Exercise brief:
Would you repeat the entries below word for word and omit the pictures?

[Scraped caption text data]
>>>>>

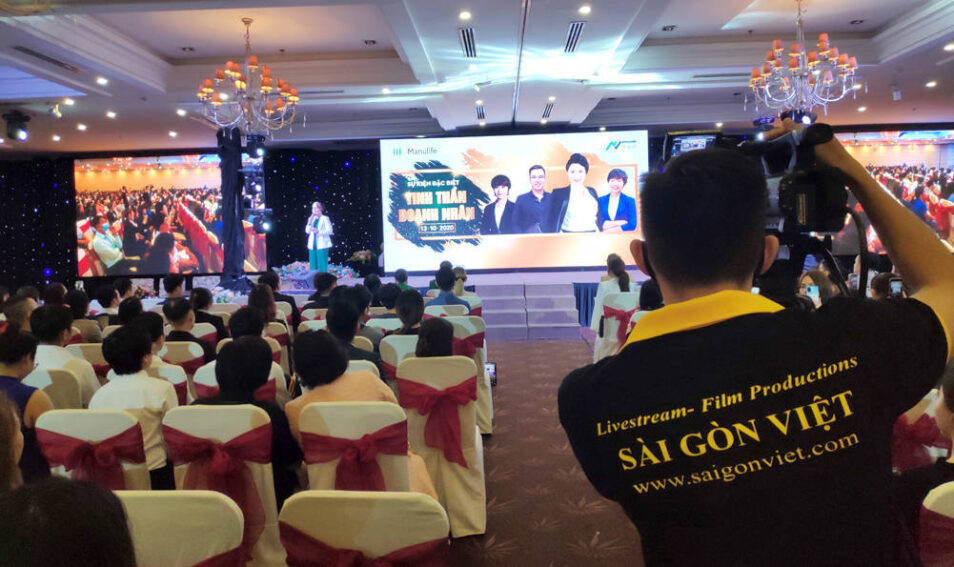 gia-dich-vu-livestream-bang-gia-thue-nguoi-livestream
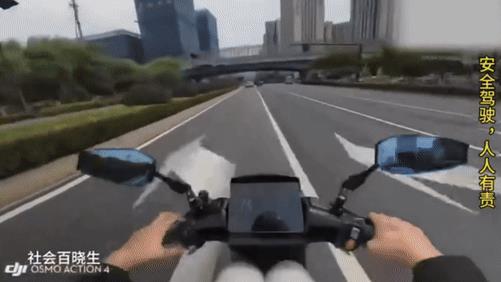 鬼火少年狂飙，撞人后指着红灯怒斥被撞老人：红灯！红灯！少年一路连跨车道，从直行车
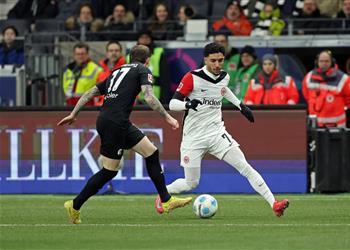 فيديو لا يتوقف مرموش يصنع هدف فرانكفورت الرابع أمام فرايبورج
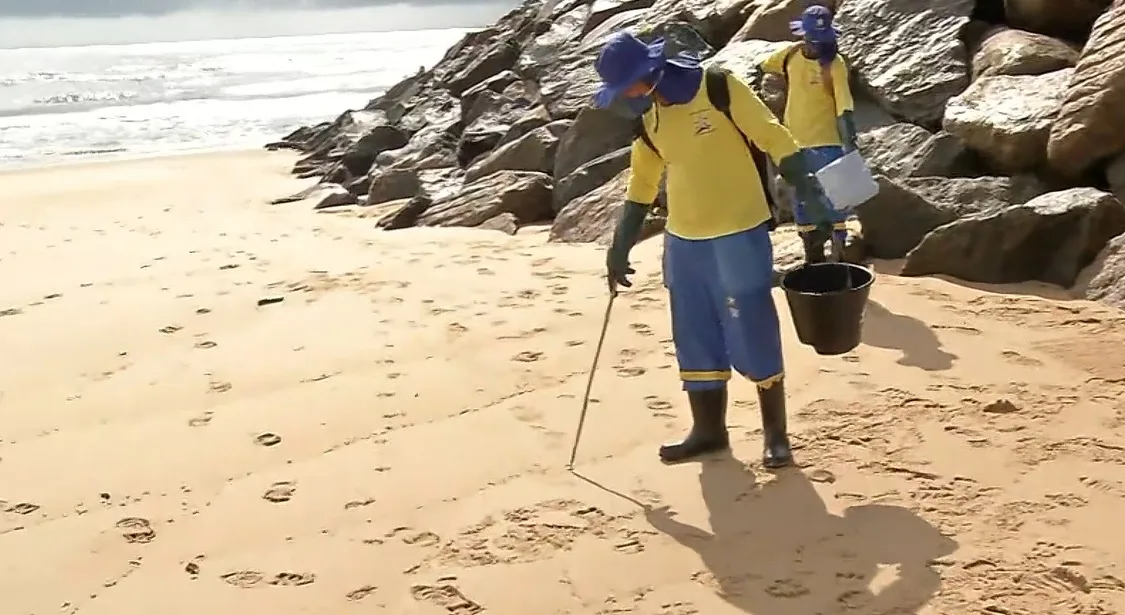 Manchas de óleo: 400 kgs já foram retirados de praias do ES; novos fragmentos são encontrados em Conceição da Barra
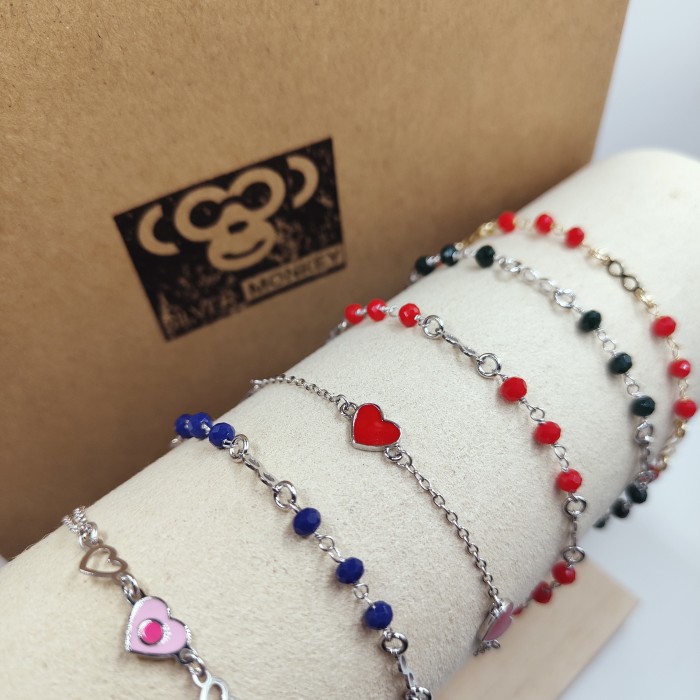 Imagen de Pulseras con piedritas o corazones de colores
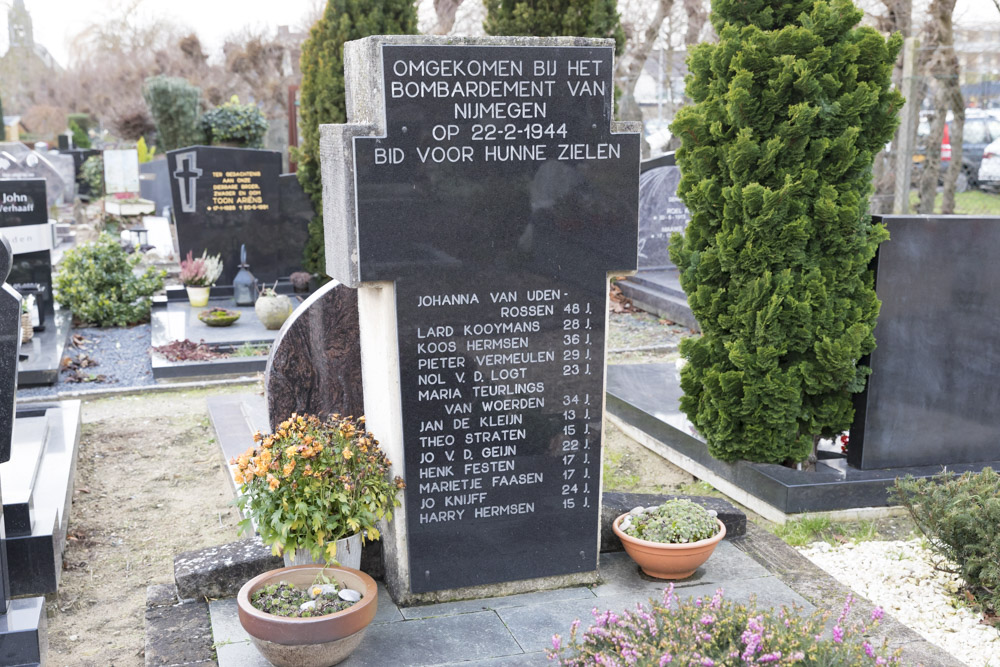 Gezamenlijk Graf Slachtoffers Bombardement op Nijmegen Rooms Katholieke Begraafplaats Wijchen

<<<<<

Output for this task:
 gia-dich-vu-livestream-bang-gia-thue-nguoi-livestream
 鬼火少年狂飙，撞人后指着红灯怒斥被撞老人：红灯！红灯！少年一路连跨车道，从直行车
 فيديو لا يتوقف مرموش يصنع هدف فرانكفورت الرابع أمام فرايبورج
 Manchas de óleo: 400 kgs já foram retirados de praias do ES; novos fragmentos são encontrados em Conceição da Barra
 Imagen de Pulseras con piedritas o corazones de colores
 Gezamenlijk Graf Slachtoffers Bombardement op Nijmegen Rooms Katholieke Begraafplaats Wijchen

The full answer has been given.